When you really want to get at the seeds of the rimon, you don't delicately peel away layer by layer.. you crack that baby in half. All at once the full abundance is visible, and all that was needed was a little more additional brute force in the beginning.
When you try to find the good in another Jew, don't gently peek beneath the surface. Go at it with gusto, jump into the depths and immediately be awed by their spiritual beauty.
When you look at a Jew's actions and try and find something good about them, all you are looking at is the clothing of their soul, not their soul itself. When you look at a Jew's middoth, you are looking at lowest aspects of their soul.
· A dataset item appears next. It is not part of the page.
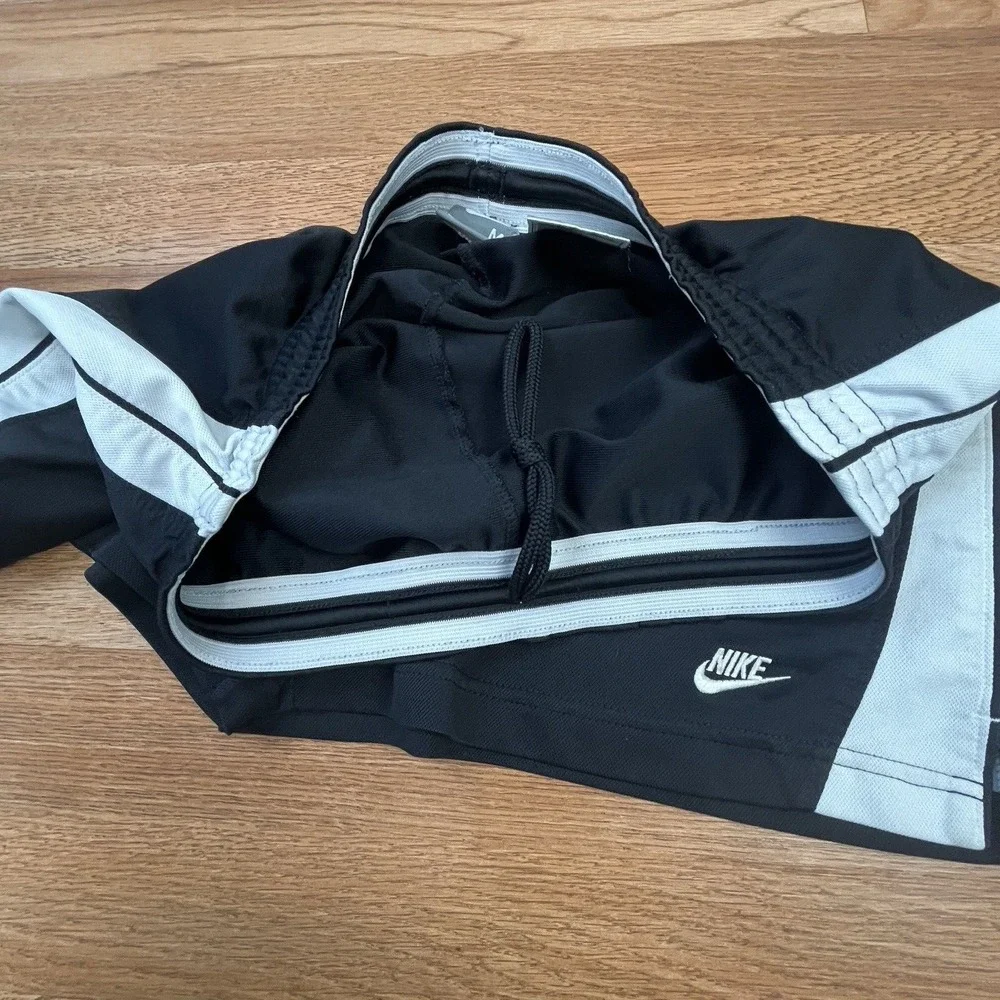 Nike Athletic Shorts Black/White‎ Women's Size Medium Elastic Waist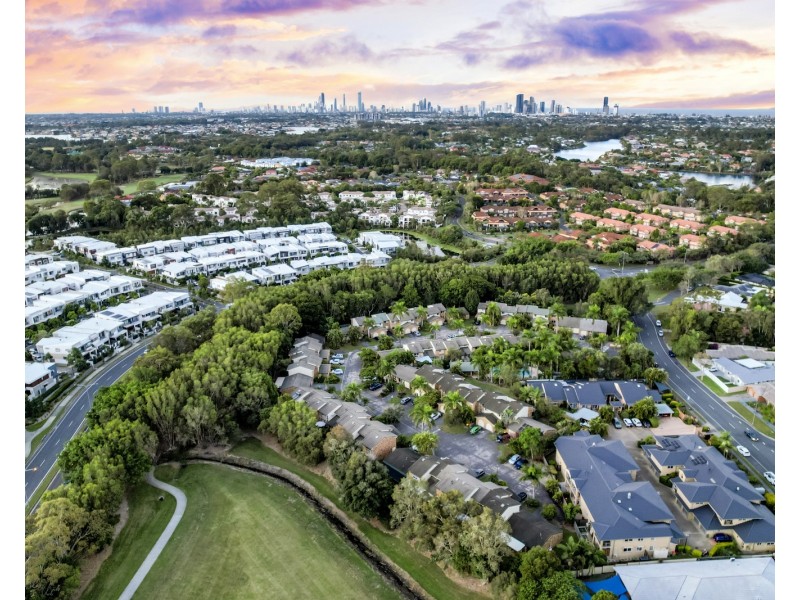 Unit 44/23 Thorngate Dr, Robina QLD 4226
When you simply recognize that they are a Jew, you can look directly at their deepest neshamah, the yid/yud, the untaintable essence of their soul.
When we stop to look at a particular aspect of a Jew, we reduce them to a tree, when they are really the forest.
I think this is the secret of (Shir HaShirim 6:3) אֲנִי לְדוֹדִי וְדוֹדִי לִי, הָרֹעֶה בַּשּׁוֹשַׁנִּים - I am to my love and he is to me, he who looks in the shoshanim. (the Notzer Hesed explains that the shoshanah is the uncorruptible essence/point of the Jewish soul) That kind of love only comes by being overwhelmed by the whole, and not by being infatuated with particular specifics.
Ever since I learned the Notzer Hesed's comment/statement/testimony that anything negative you ever hear about another Jew is an outright lie, if I'm judging another Jew harshly, I know it's me who will suffer.